The Coles Group Ltd (ASX: COL) share price is sliding lower despite the supermarket giant's CEO and managing director Steven Cain heralding brighter days for the business.
Speaking to shareholders at the Coles annual general meeting (AGM), Cain said the pandemic ultimately helped strengthen the company, touting "the best is still to come".
He also said 'local shopping' trends, driven by floods and COVID-19 restrictions, were unwinding to Coles' benefit, with Aussies instead seeking out value amid the inflationary environment.
The Coles share price is down 0.42% this afternoon, trading at $16.52.
For comparison, the S&P/ASX 200 Index (ASX: XJO) has lifted 0.62% at the time of writing. Meanwhile, the S&P/ASX 200 Consumer Staples Index (ASX: XSJ) has slumped 0.25%.
Let's take a closer look at what went down at the company's 2022 AGM.
Coles share price slides following AGM
The financial year 2022 was challenging for Coles, but the supermarket operator pushed through relatively unscathed, as its management pointed out at this year's AGM. Speaking at the meeting, Cain said:
Coles is now a better business than before COVID, we are more resilient, more agile, and now classified as essential!
We are making significant progress on our strategy and our increased investment in the business. The good news is the best is still to come.
The company bore $240 million of COVID-specific costs last fiscal year. However, it managed to post comparable year-on-year earnings before interest and tax. And it wasn't just the pandemic that posed a challenge.
Floods in New South Wales, Queensland, and South Australia earlier this year hampered supply chains nationwide. Additionally, inflation has taken its toll on many of the company's suppliers.
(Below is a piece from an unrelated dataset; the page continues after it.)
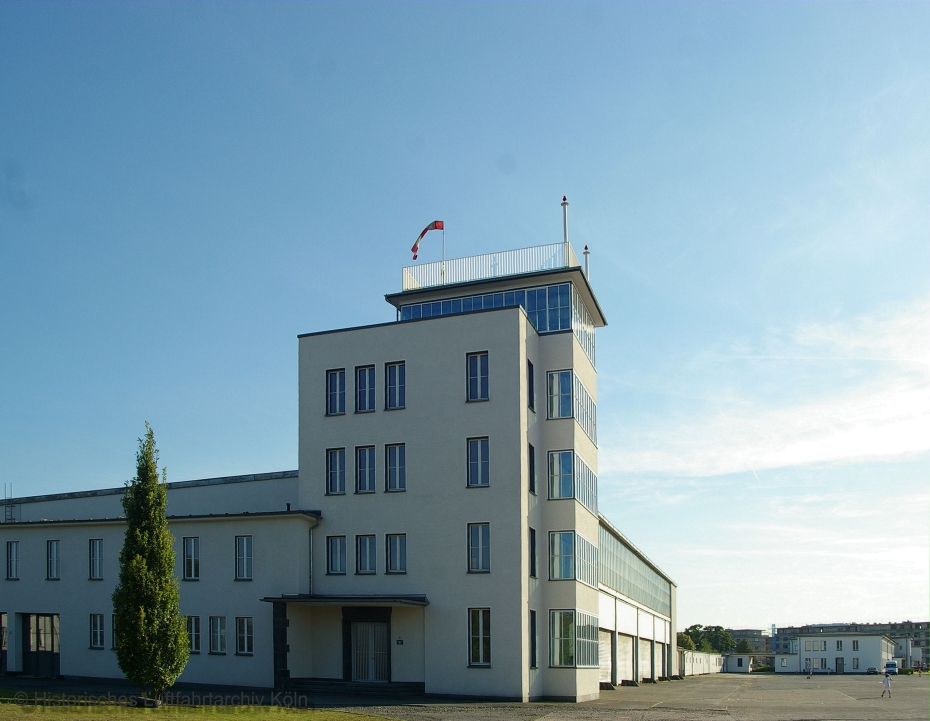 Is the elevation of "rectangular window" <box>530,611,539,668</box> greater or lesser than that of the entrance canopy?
lesser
Coles chair James Graham commented today:
In somewhat challenging circumstances our suppliers worked collaboratively with us [last financial year] to overcome availability constraints and we have responded to many requests for cost price increases where there were clear signs that raw material and/or operating costs had also increased.
These challenges in both availability and cost pressures have continued into our new financial year where we have seen an increase in the effects of inflation.
Also potentially disappointing is that Coles' long-term soft plastic recycling partner REDcycle has paused its soft plastics collection.
Cain said sustainability was important to Coles and it's exploring options for a sustainable, long-term structural solution for soft plastic recycling.
Looking ahead
Looking to the future, the company is developing two distribution centre automation projects, with the commissioning of a Queensland facility expected in the first quarter of 2023 and a NSW facility in early 2024. It's also developing customer fulfilment centres in Victoria and NSW.
Coles now expects to benefit from an increasing net new store opening profile and an expected increase in skilled migration as processing times for Australian visas decrease.
It's also expecting to sell Coles Express to Viva Energy Group Ltd (ASX: VEA) next year, as announced in September.
Coles share price snapshot
The Coles share price hasn't managed to dodge the 2022 downturn, falling 7.7% so far this year. It's also dropped 6.6% since this time last year.
Meanwhile, the ASX 200 has also fallen 7.7% year to date and 5.7% over the last 12 months.